Il termovalorizzatore sarà realizzato nella zona di Santa Palomba, nella periferia sud della capitale, al confine con Pomezia. La formula adottata per la realizzazione è quella del project financing, su un terreno acquistato un anno fa per 7,5 milioni dalla municipalizzata dei rifiuti e messo a disposizione del privato a titolo oneroso dal committente, il Comune di Roma, per la costruzione e la gestione in concessione. Tra gli accordi, la previsione di un canone di conferimento dei rifiuti che consenta sia di rientrare dell’investimento che di contenere le tariffe per i cittadini.
I termovalorizzatori in Italia
Il tema dei termovalorizzatori, nel nostro Paese, è alquanto dibattuto.

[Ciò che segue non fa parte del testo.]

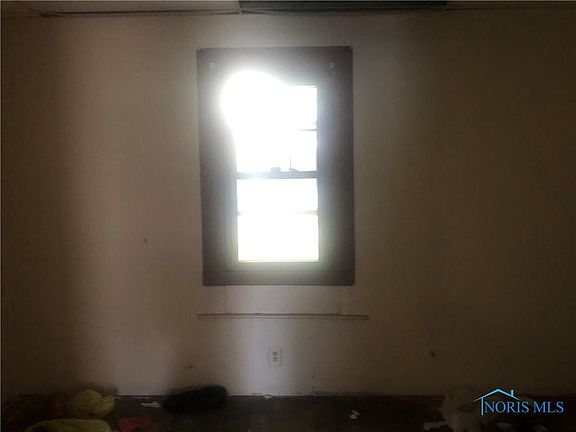 5th image of 717 Pinewood Ave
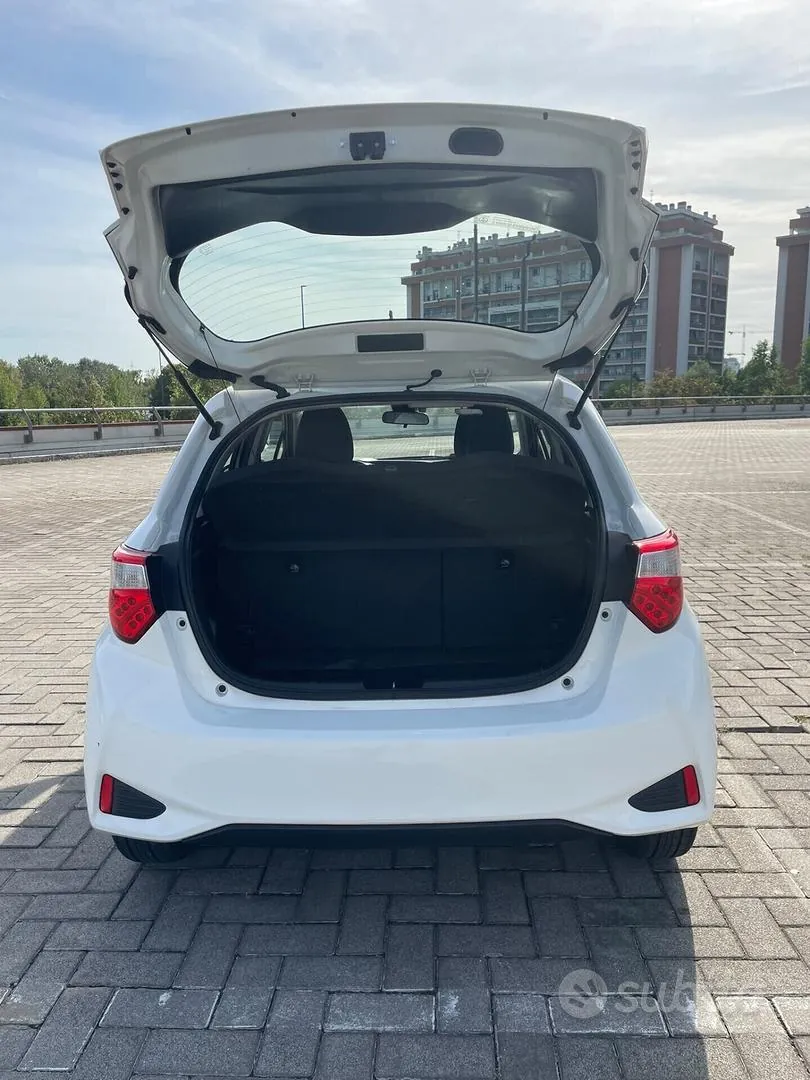 Toyota Yaris 2018 photo 5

Basti pensare che, dal 2013 al 2020, gli impianti sono diminuiti di 11 unità.
Di quelli attivi censiti dal già citato rapporto del Centro nazionale dei rifiuti e dell’Ispra pubblicato nel 2021, la gran parte (26 su 37) si trovano al Nord, a partire dai 13 della Lombardia e i 7 dell’Emilia Romagna. Secondo il “libro bianco” sull’incenerimento dei rifiuti urbani, nel 2019 in Italia sono stati trattati in tutti gli impianti 5,5 milioni di tonnellate di rifiuti urbani e speciali.
I termovalorizzatori sono contrastati dalle associazioni ambientaliste, le cui ragioni però, citando un recente caso specifico come quello di fine 2021 relativo all’ampliamento, con la realizzazione della seconda linea dell’impianto veneziano di Fusina, sono state respinte con il relativo ricorso dal Tribunale Amministrativo Regionale. Le motivazioni, in questo caso, spiegano che “gli argomenti utilizzati dai ricorrenti si limitano ad affermazioni generiche su una pretesa contraddittorietà ed implausibilità delle valutazioni effettuate, fondate su riferimenti non del tutto pertinenti”.
A rivalutare l’impatto sull’ambiente degli impianti di incenerimento è anche lo stesso “libro bianco” che tra l’altro nella seconda parte, titolata “Indagini epidemiologiche condotte in Italia e all’estero nelle aree interessate dalla presenza di inceneritori”, sfata l’idea che inceneritori e termovalorizzatori siano dannosi per la salute dei cittadini rilevando che “non si possono considerare fattori di rischio di cancro o di effetti negativi sulla riproduzione o sullo sviluppo umano”.
Dal trattamento dei rifiuti urbani, sempre nel 2019, sono stati infatti ricavati 4,6 milioni di megawatt/ora di energia elettrica e 2,2 milioni di energia termica. Un quantitativo di energia, rinnovabile al 51%, in grado di soddisfare i fabbisogni di circa 2,8 milioni di famiglie. E, non a caso, la stessa Unione Europea ha fissato per il 2035 l’obiettivo di un riciclaggio effettivo dei rifiuti al 65%, riducendo sotto il 10% il ricorso alla discarica, che tra l’altro ha un impatto climalterante 8 volte superiore.